WHAT IS BEING ASKED »
Would you please transcribe, exactly as written, the lines of the entries below starting at the one that holds "Linde V08-02 - Order picker: picture 5 Linde" and ending at the one that holds "image for item", both included?
(Beginning of RECORDS TO USE)
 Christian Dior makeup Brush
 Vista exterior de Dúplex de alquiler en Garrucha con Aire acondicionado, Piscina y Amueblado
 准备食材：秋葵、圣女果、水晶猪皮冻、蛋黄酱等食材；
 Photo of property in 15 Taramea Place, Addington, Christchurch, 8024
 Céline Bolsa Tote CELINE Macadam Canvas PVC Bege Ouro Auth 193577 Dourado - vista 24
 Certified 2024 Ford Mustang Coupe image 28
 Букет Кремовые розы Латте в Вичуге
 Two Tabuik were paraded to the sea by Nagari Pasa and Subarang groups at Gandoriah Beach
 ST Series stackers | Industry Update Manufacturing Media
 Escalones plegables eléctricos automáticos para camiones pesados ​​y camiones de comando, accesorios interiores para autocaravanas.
(End of RECORDS TO USE)
(Beginning of RECORDS TO USE)
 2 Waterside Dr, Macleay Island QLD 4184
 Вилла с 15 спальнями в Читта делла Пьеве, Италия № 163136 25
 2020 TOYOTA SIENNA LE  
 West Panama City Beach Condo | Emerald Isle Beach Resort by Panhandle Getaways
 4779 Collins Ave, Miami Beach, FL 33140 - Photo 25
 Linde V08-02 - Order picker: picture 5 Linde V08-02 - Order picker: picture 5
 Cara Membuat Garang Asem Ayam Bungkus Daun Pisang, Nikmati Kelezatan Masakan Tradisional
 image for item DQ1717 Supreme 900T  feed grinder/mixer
(End of RECORDS TO USE)
REPLY TO THE EXERCISE »
 Linde V08-02 - Order picker: picture 5 Linde V08-02 - Order picker: picture 5
 Cara Membuat Garang Asem Ayam Bungkus Daun Pisang, Nikmati Kelezatan Masakan Tradisional
 image for item DQ1717 Supreme 900T  feed grinder/mixer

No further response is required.